Descrizione generale

L'attribuzione "maso avito" onora quelle famiglie che da almeno 200 anni, e quindi per numerose generazioni, sono rimaste nel maso per via ereditaria diretta.

  • Deve trattarsi di un maso chiuso.
  • Il proprietario deve abitare nel maso e coltivarlo.
  • Il maso deve essere rimasto per almeno 200 anni e senza interruzioni sempre in possesso della stessa famiglia in via diretta o in linea collaterale fino al 2° grado e trasmesso in via ereditaria o per compravendita tra vivi (il rapporto di parentela riconosciuto arriva al/alla zio/zia ovvero nipote).

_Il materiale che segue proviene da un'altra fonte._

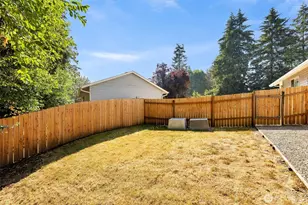 214 SE 11th Cir, Battle Ground, WA 98604 - Photo 39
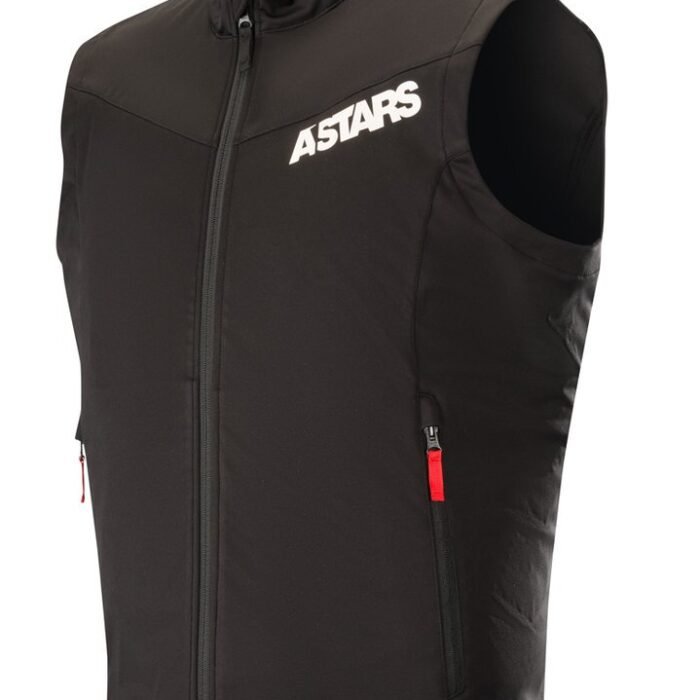 Alpinestars Session Race Motocross Vest Size - S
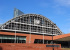BIBA-Conference-2024-to-return-to-Manchester-on-15th-and-16th May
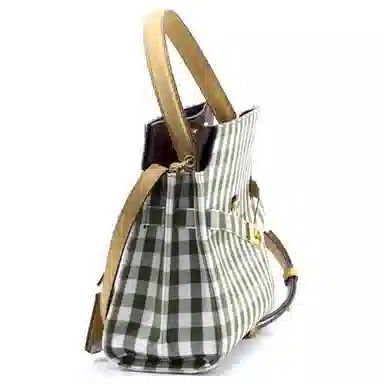 TORY BURCH TB Lee Radziwill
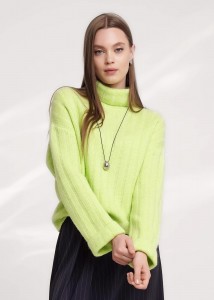 Бюстгальтеры фото превью для покупки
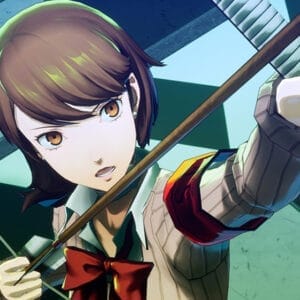 Atlus PS5 Persona 3 Reload - Slika 2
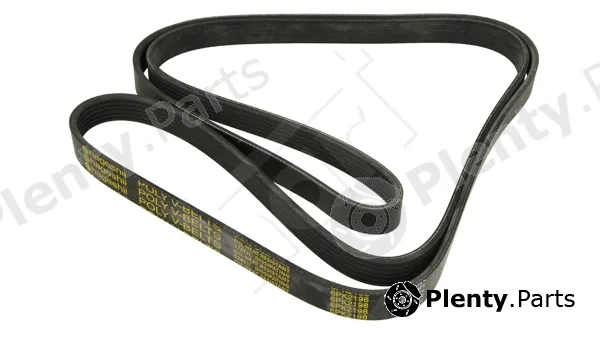 Hart 917760 — V-Ribbed Belt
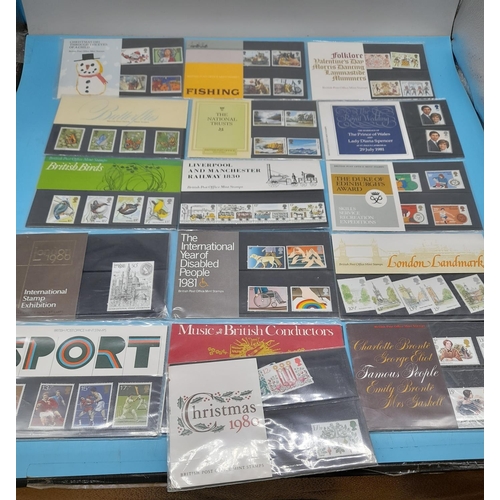 Lot 105A      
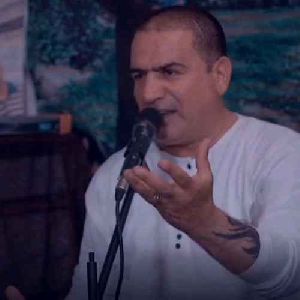 بوچی وا ده که ی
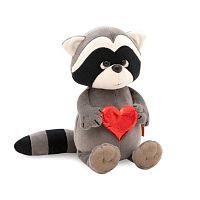 Енотик Дэнни Чувственность 20 см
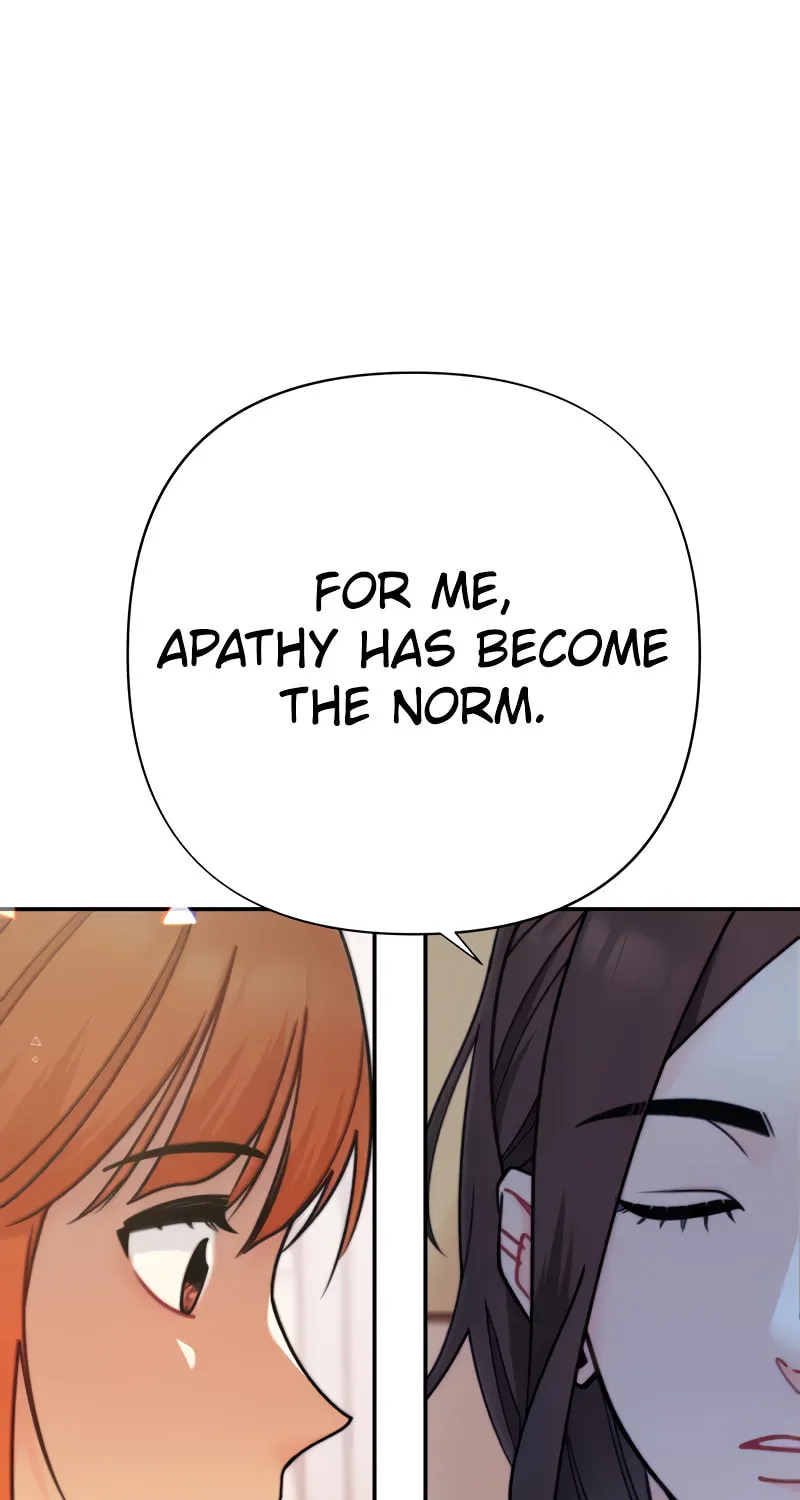 Read Like, Share & Subscribe chapter 61 image 54 on Lezhin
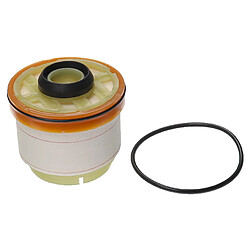 vhbw Filtre à gasoil remplacement pour Herth + Buss Jakoparts J1332095 pour voiture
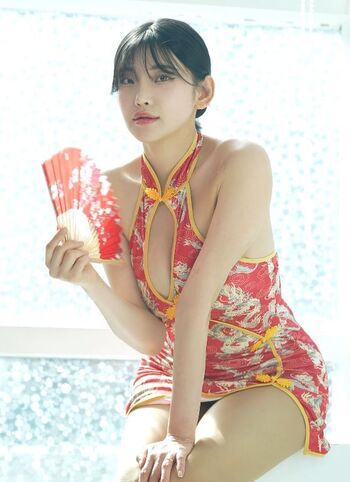 🔥 Sul a ppp page leaked private photo uncensored full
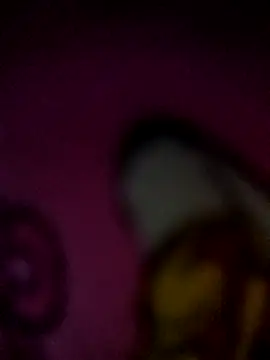 ChuckyyDee Live XXX-Chat
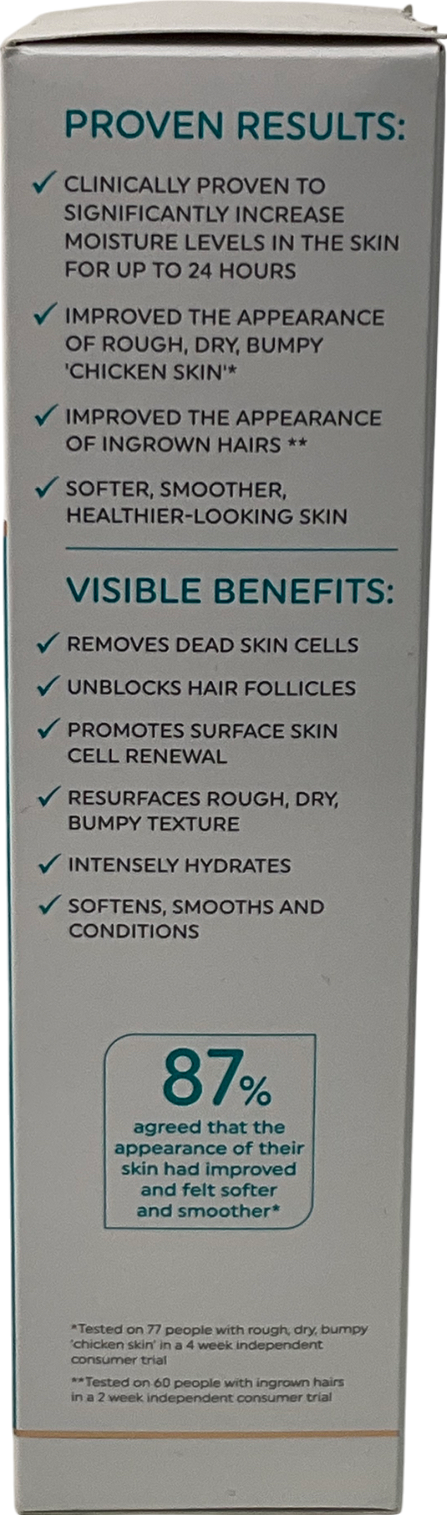 ameliorate Purifying Body Lotion 200ml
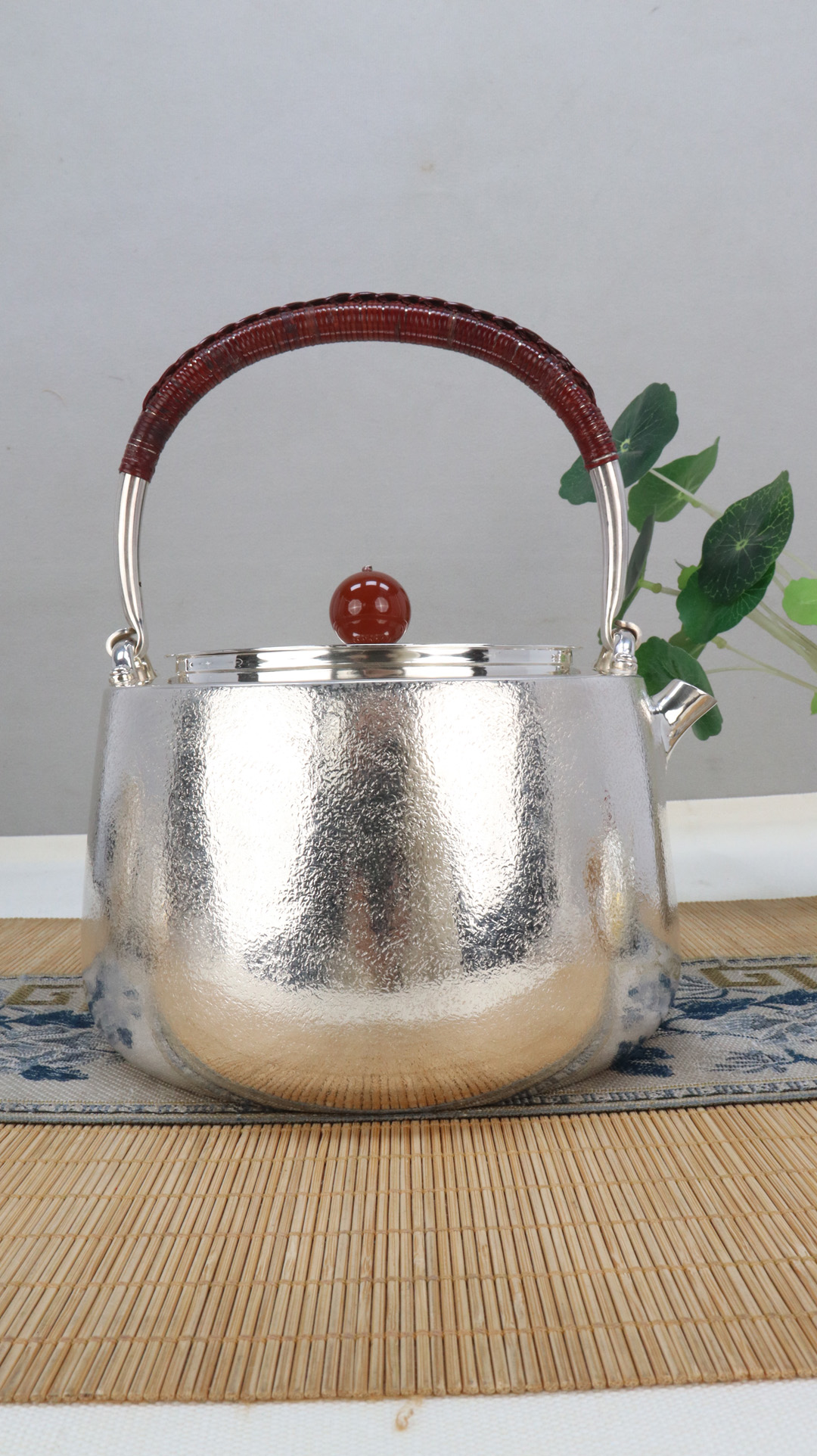 微信图片_20250406122343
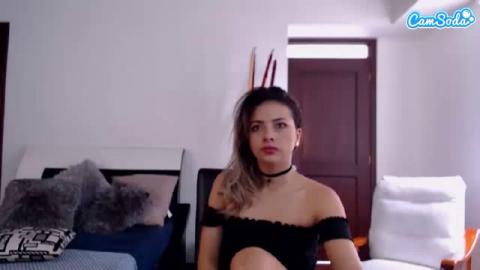 amywoods [2019-06-09 17:40:27]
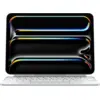 Bild von Apple Magic Keyboard iPad Pro 11'' (2025/2024) QWERTZ Weiß
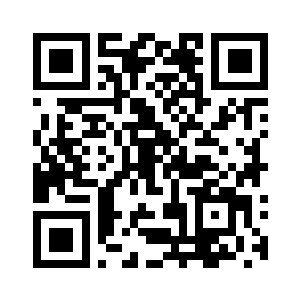 他从不相信有这般不计回报之人二维码生成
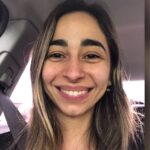 Ana Caroline Monteiro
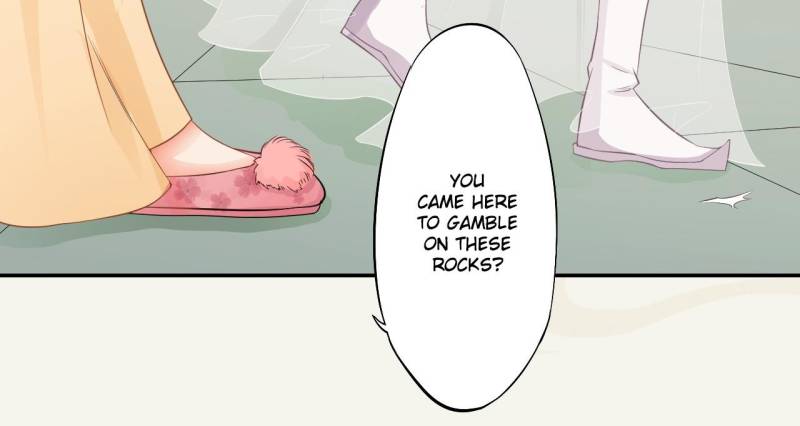 Page 12 of Chapter 6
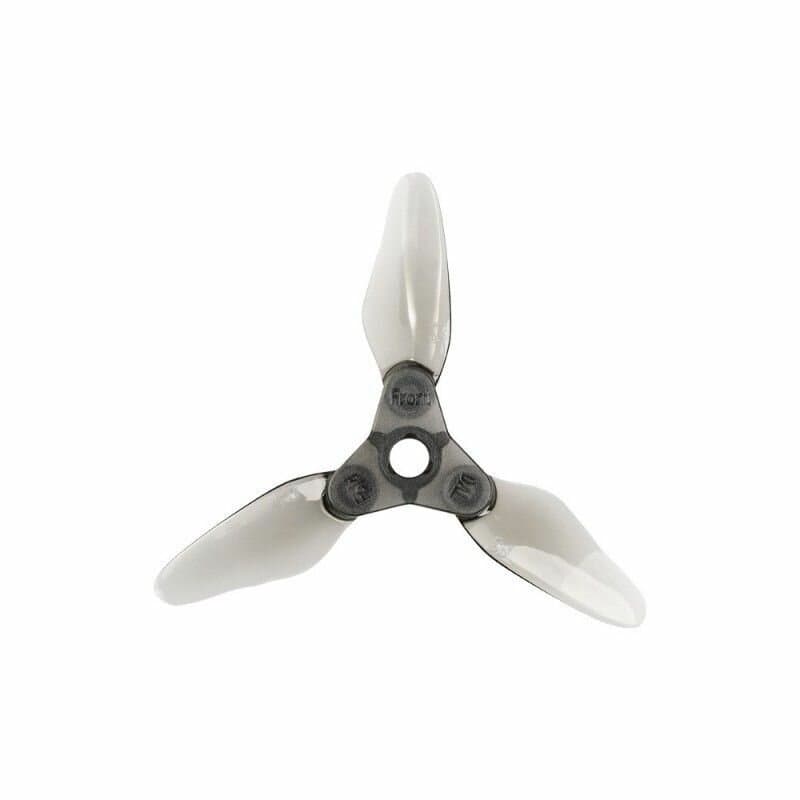 Пропеллеры Dalprop F3 Fold Prop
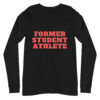 unisex-long-sleeve-tee-black-heather-front-65e8fecd432c0.jpg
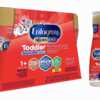 Support Your Toddler’s Growth — Free 6-Pack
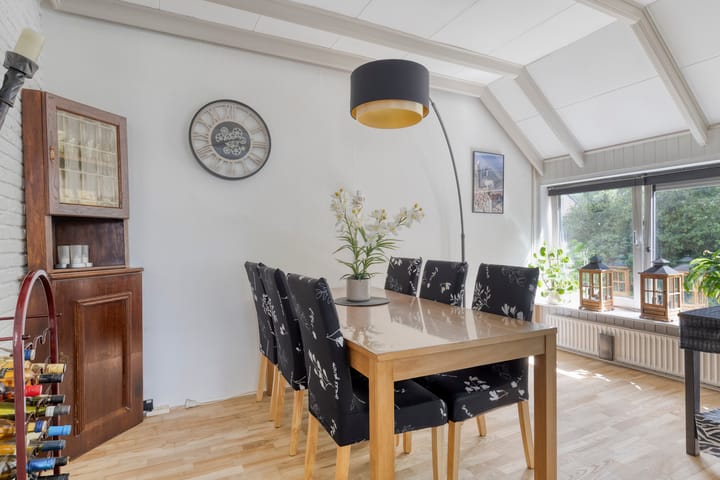 Foto 9 van Brinkstraat 6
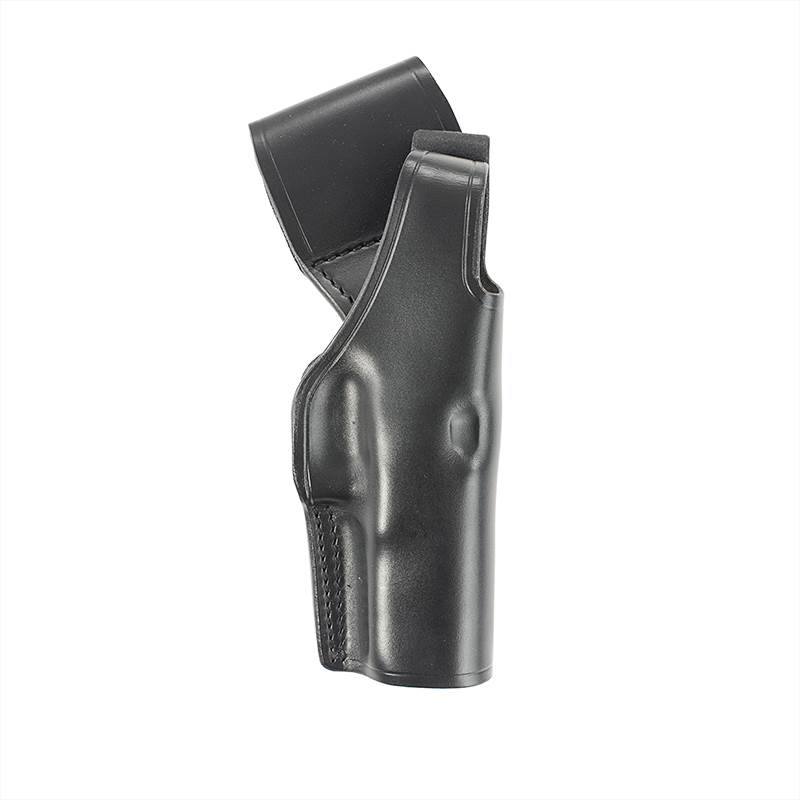 Hölster Sickinger Spitfire SIG X-Five, CZ Tactical Sports, med flera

  • Estratto tavolare con il foglio B completo di tutti i dati (deve anche risultare la prima iscrizione a mano effettuata in sede d’impianto del libro fondiario)
  • Eventuali ulteriori documenti utili ai fini dell’accertamento

Marca da bollo da 16 €

La consegna ufficiale del certificato di „maso avito“ effettuato dall’assessore all’agricoltura e la consegna dell’insegna del maso avviene normalmente in occasione delle riunioni circondariali dell’Unione agricoltori e coltivatori diretti.

Per maggiori informazioni la invitiamo a consultare il sito Web dell'istituzione competente dedicato a questo servizio.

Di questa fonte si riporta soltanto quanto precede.